| Metric | Current | Prior | YoY |
|---|---|---|---|
| Revenue | ¥33.7B | ¥40.1B | -15.9% |
| Operating Income | ¥-21.4B | ¥-14.2B | -50.9% |
| Ordinary Income | ¥-21.0B | ¥-15.3B | -37.1% |
| Net Income | ¥-22.4B | ¥-15.4B | -45.6% |
| ROE | -34.5% | -17.2% | - |
FY2026 Q3 cumulative results show revenue of 33.7B yen (YoY -15.9%), operating loss of 21.4B yen (prior year loss 14.2B, deterioration -50.9%), ordinary loss of 21.0B yen (prior year loss 15.3B, deterioration -37.1%), and net loss of 22.4B yen (prior year loss 15.4B, deterioration -45.6%). The company experienced a revenue down/profit down pattern with both top-line contraction and significant bottom-line deterioration. Gross profit margin turned negative at -5.4%, indicating fundamental profitability challenges at the product/service level. Operating loss widened by 7.2B yen YoY despite revenue decline of only 6.4B yen, reflecting operating deleverage from fixed cost structure. Cash and deposits declined 38.4% YoY to 51.7B yen, signaling accelerated cash consumption despite maintaining current ratio of 211.8%.
Revenue declined 15.9% YoY to 33.7B yen, driven by contraction in both domestic and global segments. Domestic segment revenue reached 0.88B yen (prior year 0.72B yen) while global segment revenue decreased to 25.67B yen from prior year's higher base, contributing to the overall revenue decline. Cost of sales totaled 35.6B yen, exceeding revenue by 1.8B yen and resulting in negative gross margin of -5.4%, indicating costs are not aligned with current revenue realization or pricing structure. This fundamental cost-revenue mismatch represents a structural profitability issue requiring immediate attention. SG&A expenses of 19.6B yen represented 58.2% of revenue, up significantly from prior periods in ratio terms, reflecting insufficient cost flexibilization against revenue decline. The combination of negative gross profit and high fixed SG&A drove operating loss expansion to 21.4B yen from 14.2B yen prior year.

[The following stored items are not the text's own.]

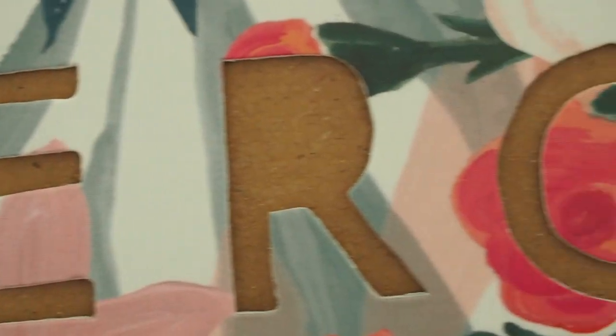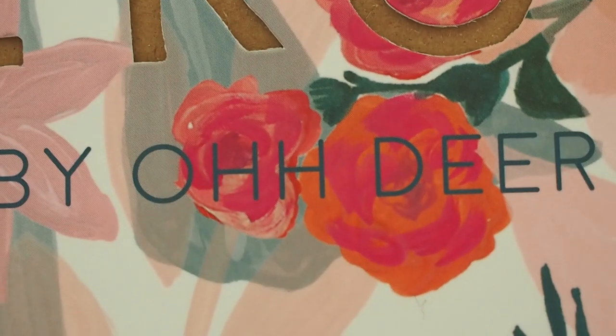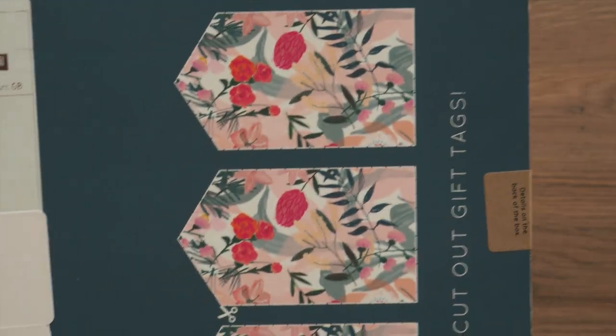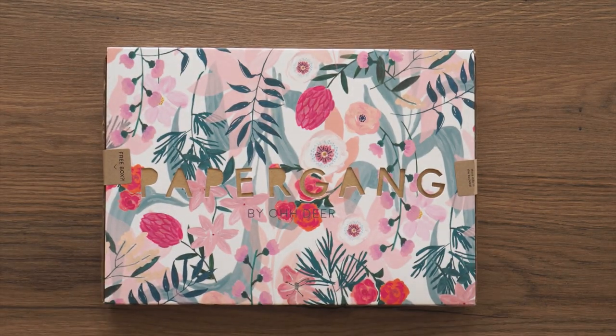Hello everyone and welcome to this unboxing video for the Paper Gang monthly subscription box. On the box it looks so beautiful and summery. I'm assuming these are gouache — beautiful details, floral blooms. On the back there's cutouts to make your own gift tags. This is exactly how it arrived in the post, so no plastic covering or anything, which I'm fine with. It'll be interesting to see what happens in the winter though.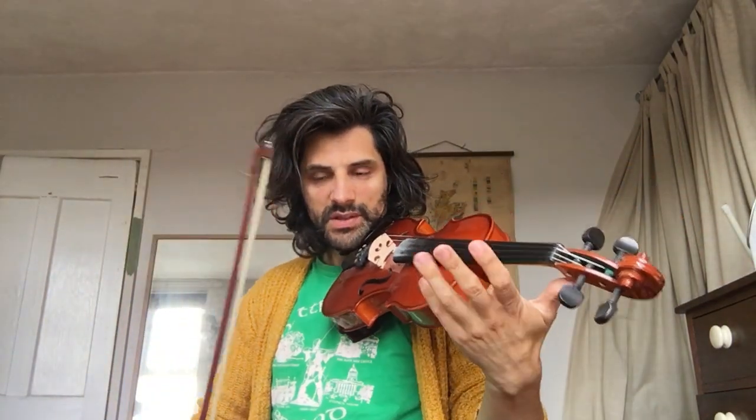Not easy to play those double stops for me. The second violin line would be something like this, as I interpret it — I've never played it before.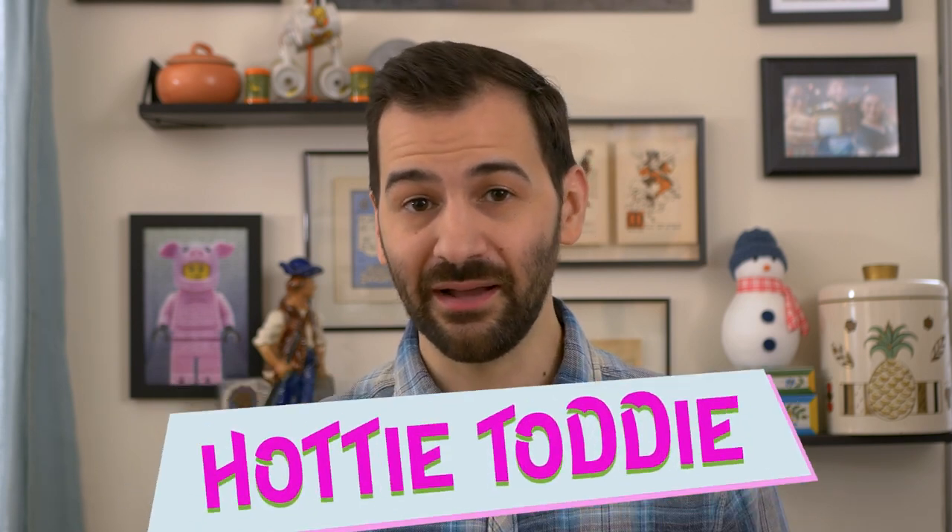Hello, and welcome to my recipe video for the warming, hydrating, and intoxicating beverage, the Hot Toddy. Now that's a pretty fun name on its own, but I like to get cute and call mine a Hottie Toddy.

Non-operating items contributed net positive 0.5B yen, comprising non-operating income of 1.3B yen and non-operating expenses of 0.9B yen. Interest expense of 0.7B yen comprised the majority of non-operating expenses. The relatively small gap between operating loss of 21.4B yen and ordinary loss of 21.0B yen indicates non-operating factors provided only marginal offset. Income tax expense of 1.4B yen was recorded despite pre-tax loss, potentially due to non-deductible items or different tax jurisdictions, contributing to net loss expansion to 22.4B yen. Comprehensive income showed additional negative 2.2B yen from foreign exchange translation adjustments, bringing total comprehensive loss to 24.6B yen. This represents a revenue down/profit down pattern with both declining top-line and deteriorating bottom-line driven by negative operating leverage and structural cost-revenue imbalance.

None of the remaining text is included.